Sexual and queer awakenings go hand in hand with coming-of-age tales wherever you find them, but a quandary more rarely explored is what happens when the awakened, as it were, wants to put all those feelings back in the box, perhaps forever. It’s a question asked and answered with incredible intelligence and spiritual empathy in Urska Djucik’s absolutely remarkable debut Little Trouble Girls, a story that starts in the familiar and physical before subtly ascending into the divine and unknowable.
Djucik sets her story amongst a group of 16-year-old girls in a traditional folk choir, a gaggle of teenagers at an awkward age where some truly see themselves as women already but others are still very much children. Our heroine Lucija (Jara Sofija Ostan) falls into the latter camp; as one of the choir’s newest members, she’s timid, almost boyish, and alarmed by a new wave of emotions and desires that seem to her more scary and disruptive than exciting or full of possibility.

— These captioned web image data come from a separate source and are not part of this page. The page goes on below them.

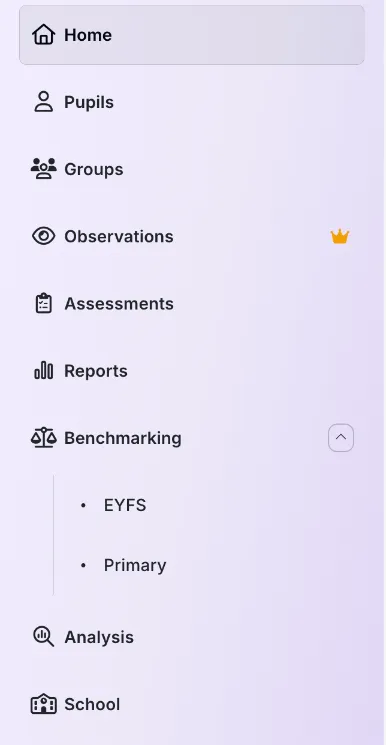The left menu: Home, Pupils, Groups, Observations with a crown icon, Assessments, Reports, Benchmarking opened to show EYFS and Primary, Analysis and School.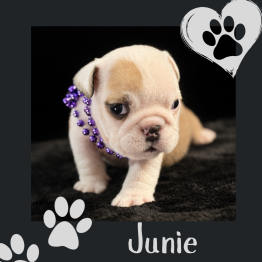 English bulldog for sale 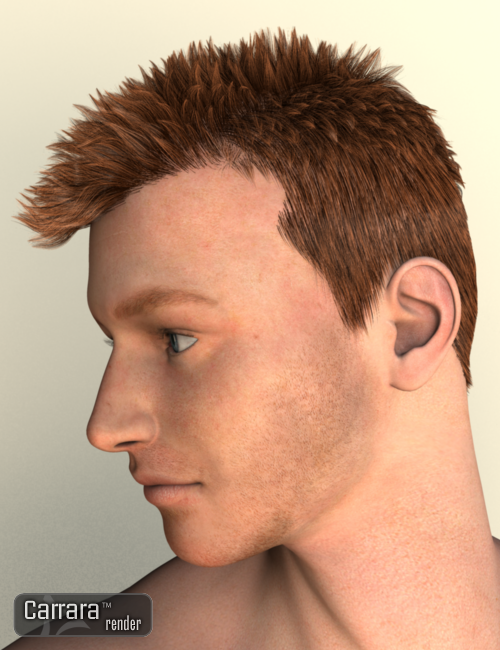 M4 Metro Hair by: Idaroller, 3D Models by Daz 3D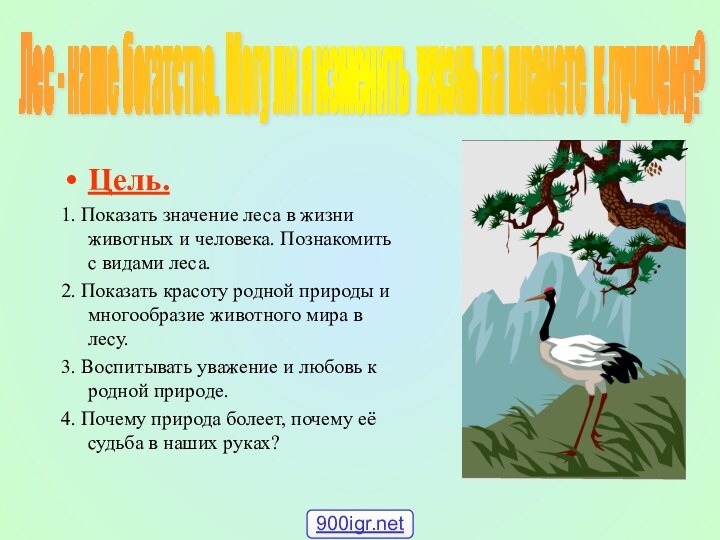 Цель. 1. Показать значение леса в жизни животных и человека. Познакомить с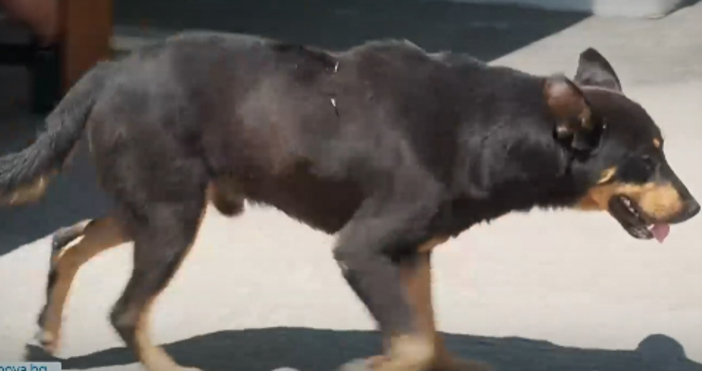 Кадри Нова телевизияЗа масово отравяне на животни по улиците на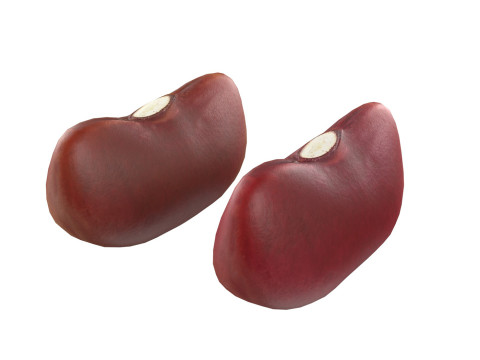 Red kidney beans 3D Модель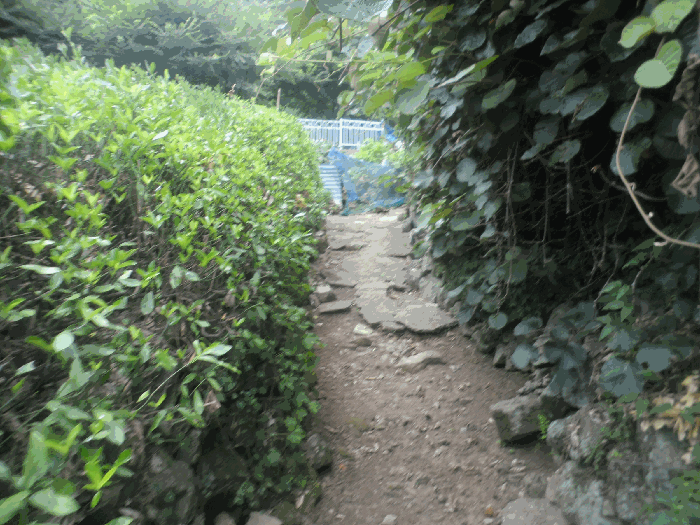 경남 거제시 아주동 대지 경매 물건 사진 6 · 2025타경21683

On a trip to a convent to practice singing in a traditional setting, Lucija falls into the orbit of Ana-Marija (Mina Svajger), a girl her complete opposite who has embraced the sexual possibilities of her approaching adulthood with gusto. Obviously, much of Lucija’s awakening comes via Ana-Marija (though it’s certainly sped up by the hunky builders working nearby who have a habit of swimming nude in the local river, unbothered by the girls’ wandering eyes), but Lucija’s own strange feelings stir something in the otherwise unflappable Ana-Marija too.
Both young actors, both making their debut here, play this extraordinarily well – a sequence in which Lucija marries her physical desires with her religious earnestness to beat a dare given to her by Ana-Marija is an incredible piece of silent epiphany for both, and serves as perhaps the centrepiece moment for everything the film is trying to do. Little Trouble Girls is, eventually, just as concerned with ephemeral faith as it is with the visceral realities of teenagehood, treating the Catholicism at its core with both scepticism and sincerity in a way that feels truly rare, building to a simply exquisite finale that is both transcendent and melancholic as Lucija faces up to her destiny.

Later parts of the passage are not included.